Second, IEP regulations give parents a seat at the table when a child’s additional educational inputs are designed, but parents have only limited authority. School officials have the final say on IEP any IEP.
Third, the assumption that public (and only public) school officials are always right is only part of the problem. IEPs are necessarily limited. The blending of a traditional public school curriculum with an IEP might be great for most special-needs students, but it is not the best option for every child.
As the U.S. Supreme Court ruled in March, an IEP has to be more than just a minimal effort, but it does not have to be the best available program for a child’s specific needs. It only has to be “reasonably calculated to enable a child to make progress appropriate in light of the child’s circumstances.” If better alternatives are available, parents cannot make a district choose them.
In that Supreme Court case, an autistic child named Endrew F. (that’s spelled correctly) had an IEP, but failed to make the progress his parents knew he was capable of making. As the Supreme Court explained:
“Endrew’s IEPs largely carried over the same basic goals and objectives from one year to the next, indicating that he was failing to make meaningful progress toward his aims. His parents believed that only a thorough overhaul of the school district’s approach to Endrew’s behavioral problems could reverse the trend. But in April 2010, the school district presented Endrew’s parents with a proposed fifth grade IEP that was, in their view, pretty much the same as his past ones. So his parents removed Endrew from public school and enrolled him at Firefly Autism House, a private school that specializes in educating children with autism.
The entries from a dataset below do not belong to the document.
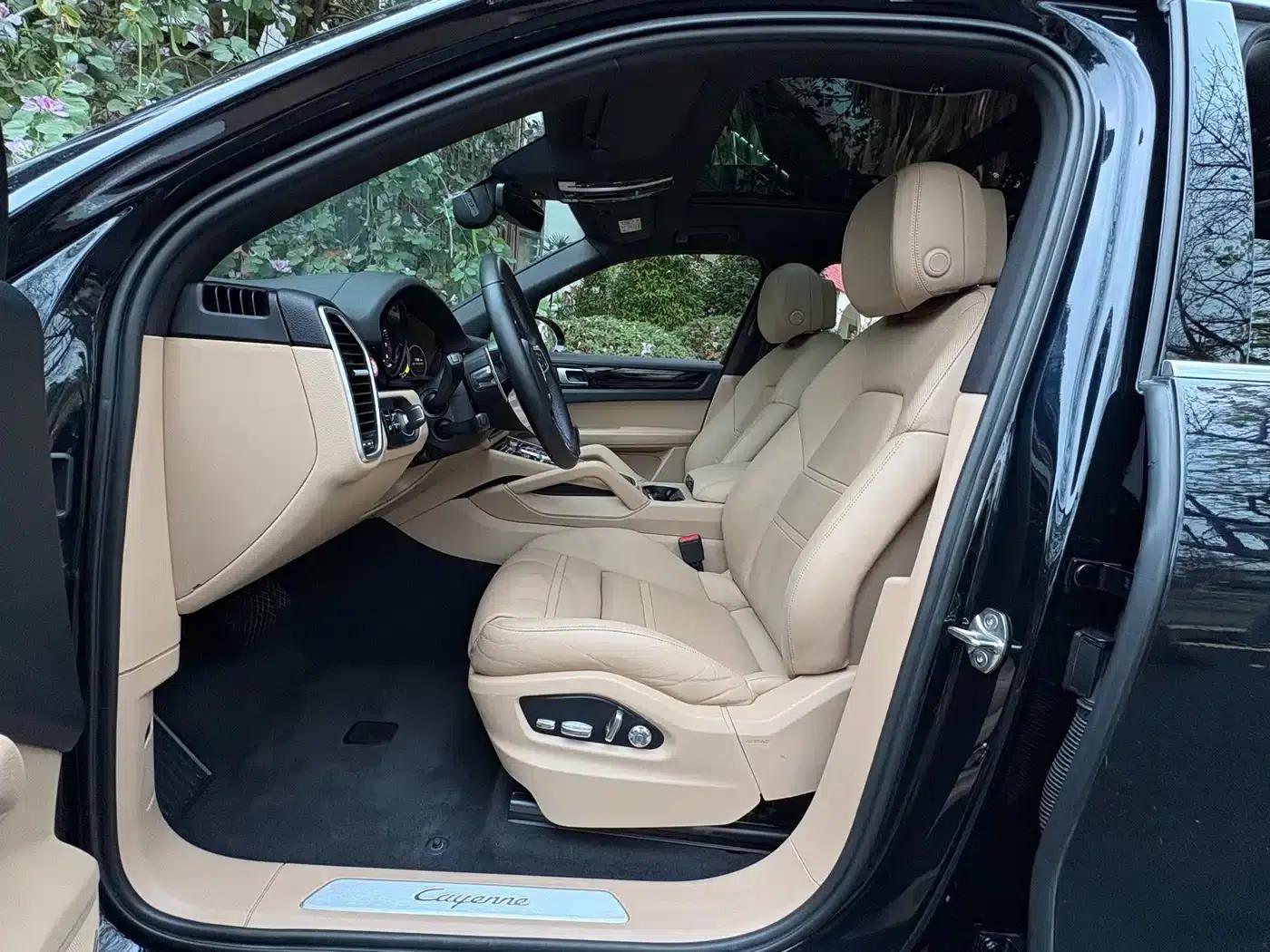 Cayenne 2019 Cayenne 3.0T — миниатюра 8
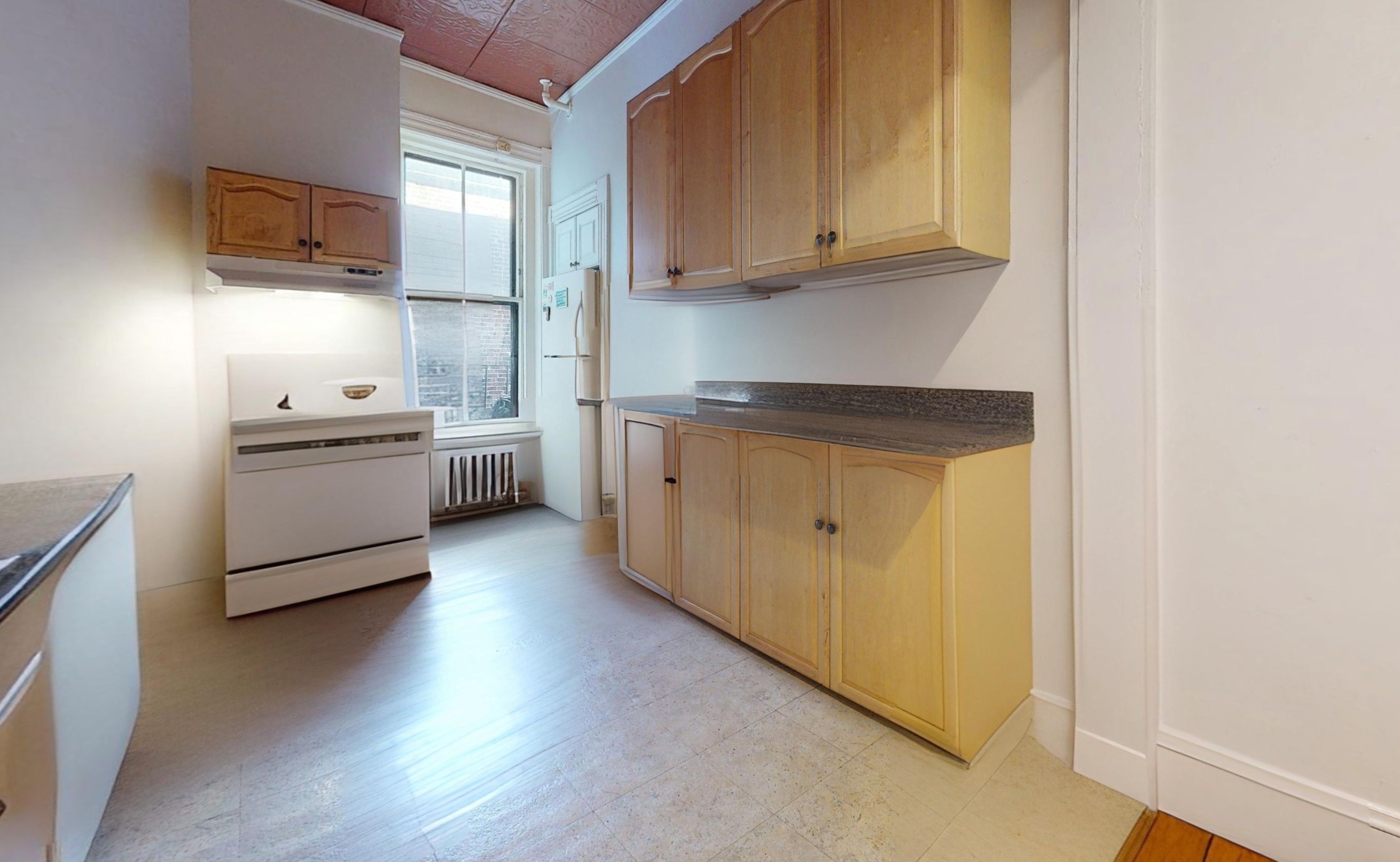 Photos of apartment on Union Park,Boston MA 02118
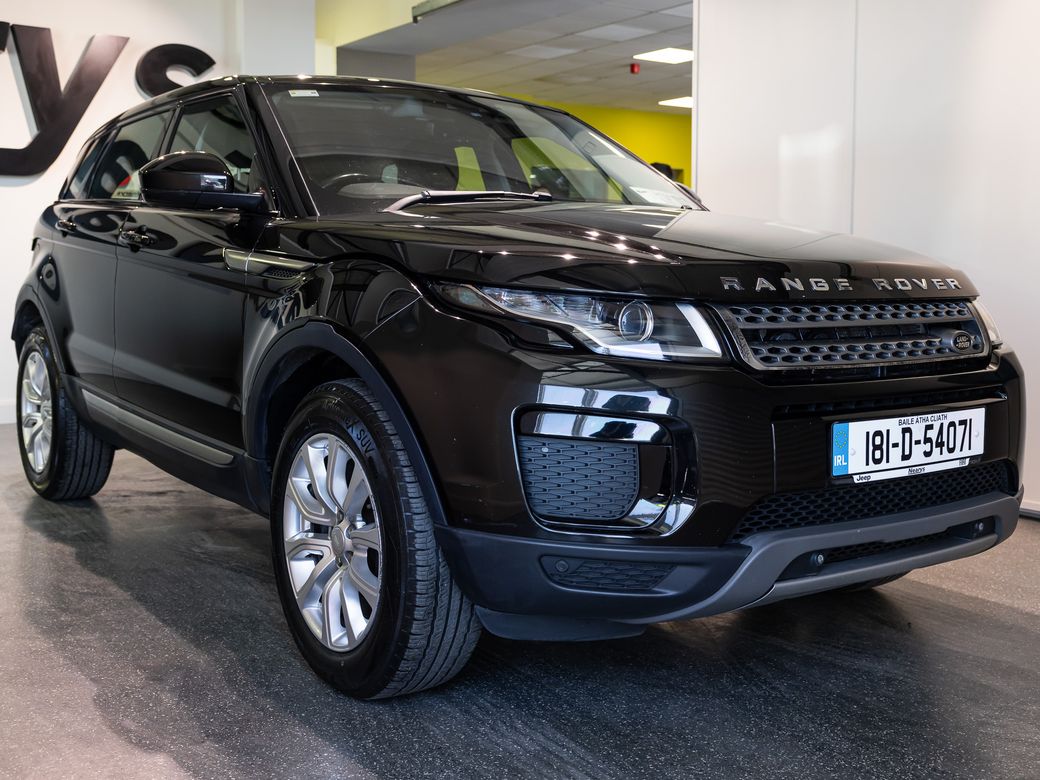 Image for 2018 Land Rover Range Rover Evoque Evoque ED4 SE 2WD 150BHP 5DR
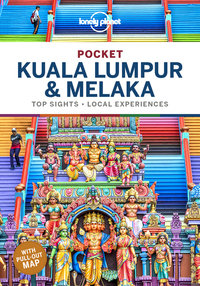 KUALA LUMPUR & MELAKA POCKET 3ED -ANGLAIS-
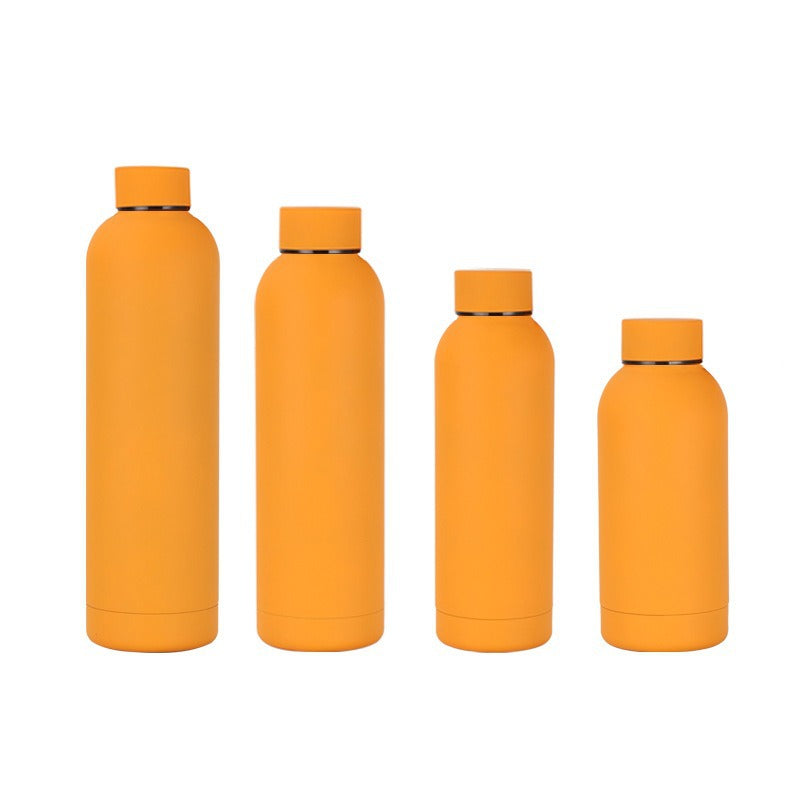 Cola-Shaped Stainless Vacuum Bottle — product view 10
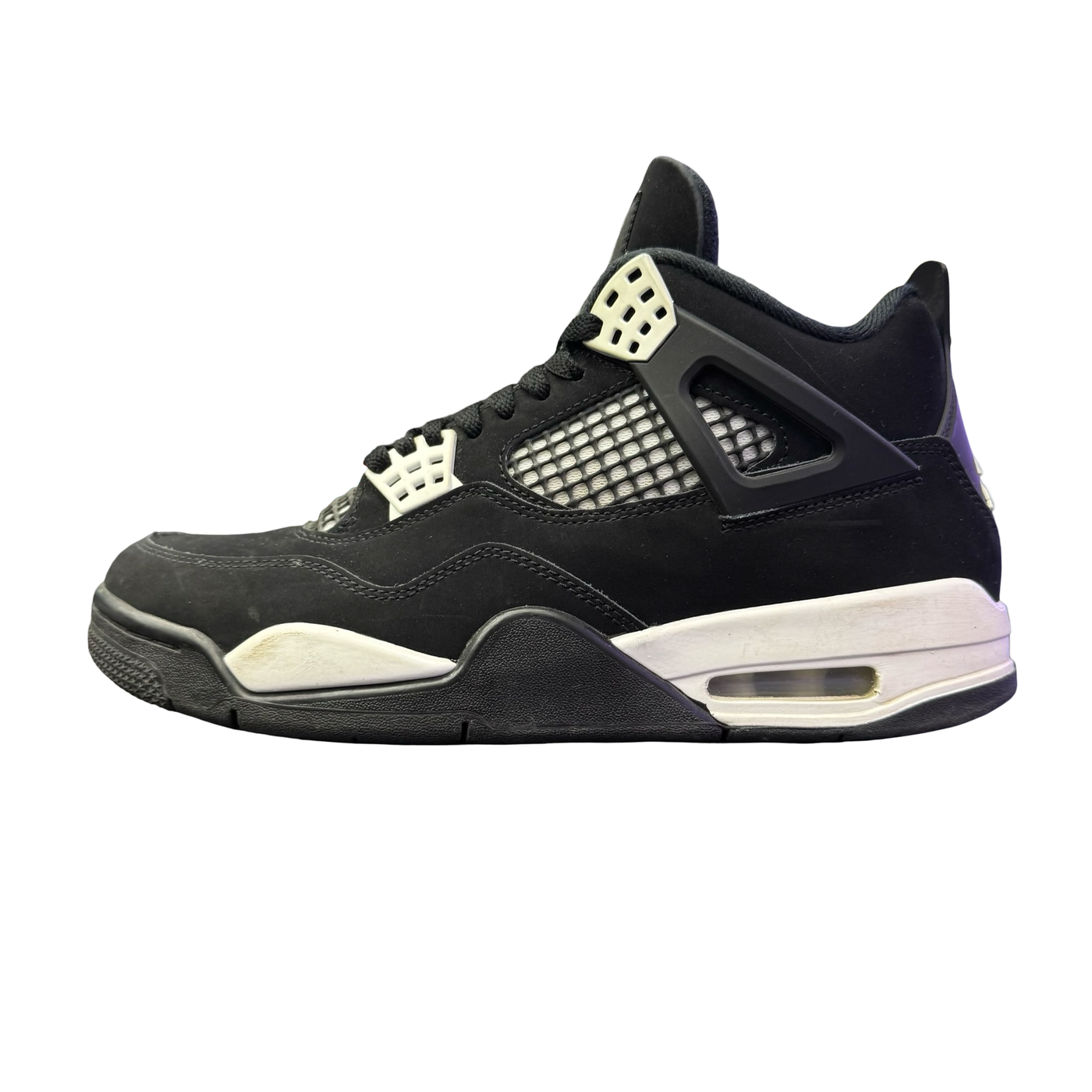 Nike Air Jordan 4 Retro White Thunder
“Endrew did much better at Firefly. The school developed a “behavioral intervention plan” that identified Endrew’s most problematic behaviors and set out particular strategies for addressing them…. Firefly also added heft to Endrew’s academic goals. Within months, Endrew’s behavior improved significantly, permitting him to make a degree of academic progress that had eluded him in public school.”
Endrew’s story is familiar to some families of special-needs students in New Hampshire. A similar story in Newmarket is profiled here.
It’s absurd to say that making better options available to special-needs kids harms the kids. Some are served well by the public school system. Others need alternatives. They are unquestionably harmed by a system that prevents them from accessing those alternatives. That is exactly what opponents of Education Savings Accounts advocate.
Senate Bill 193, which would create ESAs in New Hampshire, will receive a House vote on Thursday. Opponents are using every absurd argument they can think of to defeat it. One talking point is that ESAs will make the opioid crisis worse because parents would steal the money and spend it on drugs. Could they be any more condescending to parents?
It is a good sign that opponents are abandoning rational arguments for absurdities. It means they know their weak arguments aren’t working.